Paul begins his letter to the Roman church by first identifying himself as a “servant of Jesus Christ”. Pause for a moment and consider what that word really means – servant. In Paul’s time a servant was totally subservient to the master. As such, their whole life was wrapped up in doing things for the master. They would go where told, would do whatever they were told to do. Their own will, desires, wants, thoughts, feelings were rarely considered. Paul sought to be a servant of Jesus Christ.

Today titles are important. Back in Paul’s day family names and birth places were important – Jesus of Nazareth, the sons of Zebedee… These adjectives described someone.

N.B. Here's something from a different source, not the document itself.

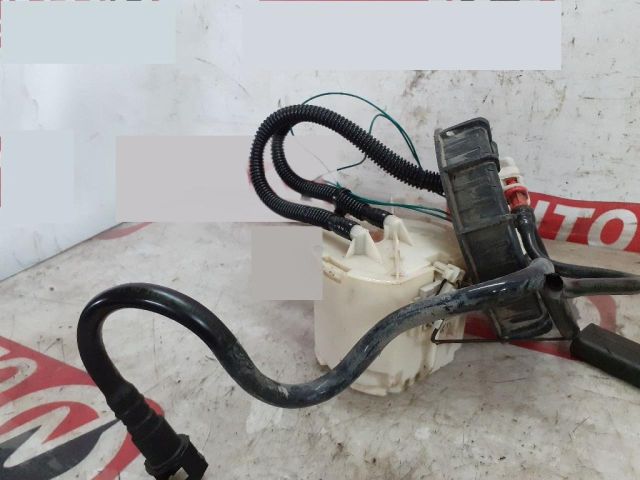 bontott FORD FOCUS I Üzemanyag Szivattyú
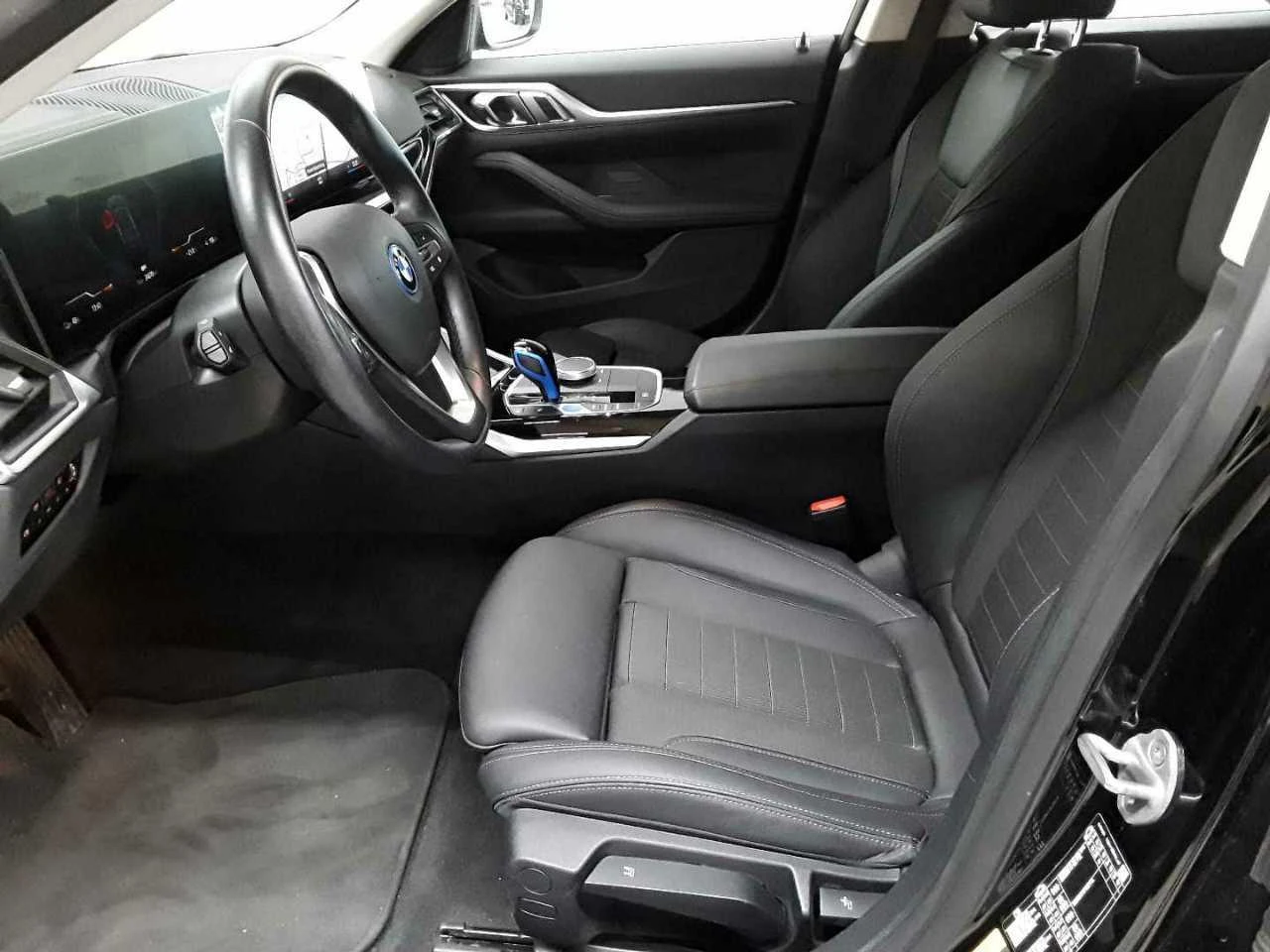 BMW i4 40, снимка 4 - Автомобили и джипове - 54542449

Today we are first identified by our occupation. Meeting someone new, the first question is usually ‘What do you do’? When asked, I tell people that I am a Methodist pastor. Our own self-identity is very much wrapped up in what we do. So imagine, for a moment, the reactions and responses I would get if I answered as Paul did, telling others that I am a servant of Jesus Christ. You too can imagine the responses that this answer would draw.

As followers of Jesus Christ we are supposed to be servants of our Lord and King. Jesus himself came to be a humble servant and called us to follow his example. Because we do not first self-identity as a servant of Jesus Christ, there are two truths we must wrestle with. These truths are at the core of why we do not identify this way. Perhaps we are unwilling to really assume this role. We are reluctant to make all of our desires and all of our will subservient to Christ. We are OK with “most”. The second truth is the reality that would come with claiming such a title. To say we are a servant of Jesus implies quite a commitment. In the Advent series at our church we have been talking about what it would mean to be an “altogether Christian”. Such a person is a servant of Jesus Christ. Paul is making a high claim in his title of “servant”. Are we willing to do the same?

Prayer: God, the journey has been one of committing more and more to you and to doing your will. Even then, though, I know I am just “mostly” committed. Help me to move closer to “all in”, closer to loving and serving you with my whole heart, soul, mind, and strength. May it be so. Lord, may it be so. Amen.